Even for those children reaching a tertiary referral center such as the one at St Thomas's, the Little Angel-style behavioral approach is still of value, especially if the parents are supported by professionals. So-called "sleep hygiene" measures such as a bedroom that is dark and only for sleeping, consistent bedtimes and daytime exercise can make a big difference on their own.
A forgotten aspect is that sleep needs the right prompts, such as darkness. Light-emitting computer screens wake the brain up, not put it to sleep, so it makes sense to ban the PC from the bedroom.
Treatments for pediatric sleep disorders vary depending on the type identified. Sleep-phase disturbances, for instance, are treated with light. Adult body rhythms, which naturally run to near 25-hour cycles, are reset every day by time cues, such as morning light, ensuring that we adhere to a 24-hour cycle. Circadian rhythm disorders are common in babies and toddlers, who may be wide awake when everyone else in the house is fast asleep, and vice versa.

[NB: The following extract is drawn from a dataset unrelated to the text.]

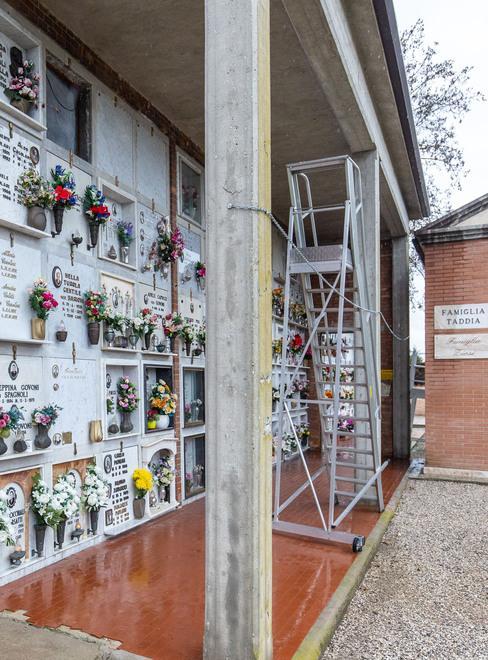 Corlo, subisce furti al cimitero: lascia un biglietto e si ritrova delle offese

Somewhere between 18 months and four years old, children develop adult rhythms. But about one in 15 children between the ages of five and 13 continues to march to the beat of his or her own personal me drum. Essentially, what these children have is jet lag without having moved through any time zones. And like us after a red-eye overnight flight from New York, they are irritable, "oppositional" and sleepy, and can't concentrate or learn properly.
The answer for these children is not a fixed bedtime, but a firmly anchored morning wake-up time.
Although letting them sleep an hour later is OK, a three-hour lie-in at weekends is disastrous because their bodies will reset their clocks every day to this rhythm. The most effective treatment is a simulated dawn at a fixed time each morning using light therapy.
Needless to say, most kids can't or won't sit still for long enough, so sleep physiologists have to be endlessly inventive. Visors that look like something out of NASA are one option. These have a light source under the brim, which does not have to be too bright. Also effective in some cases are doses of melatonin, the hormone that is slave to the body clock and which carries its messages.
Another common problem is obstructive sleep apnea. In adults, this is accompanied by heavy snoring. Children with this respiratory condition may not snore, but still wake up as much as 12 times an hour, making them severely sleep deprived. Because their breathing seems normal during the day and even for much of the night, the real cause of poor daytime performance often goes unrecognized.
Here it is data obtained in a sleep lab that are the clincher for diagnosis. These rely on healthcare scientists whose job it is to wire up, cajole and comfort children, and then stay up all night to take the necessary measurements. These children's respiratory difficulties are very often bound up with enlarged adenoids and tonsils. Shrinking them with steroid sprays or removing them surgically may provide a complete cure.
In adults, the link between sleep disorders and health disorders such as coronary heart disease has long been recognized. Poor sleep in children is already linked with obesity, and it is known that children with sleep disorders are more likely to become adults with sleep disorders; but there may be a lot more to unravel about the dangers of doing without sleep when you're a kid.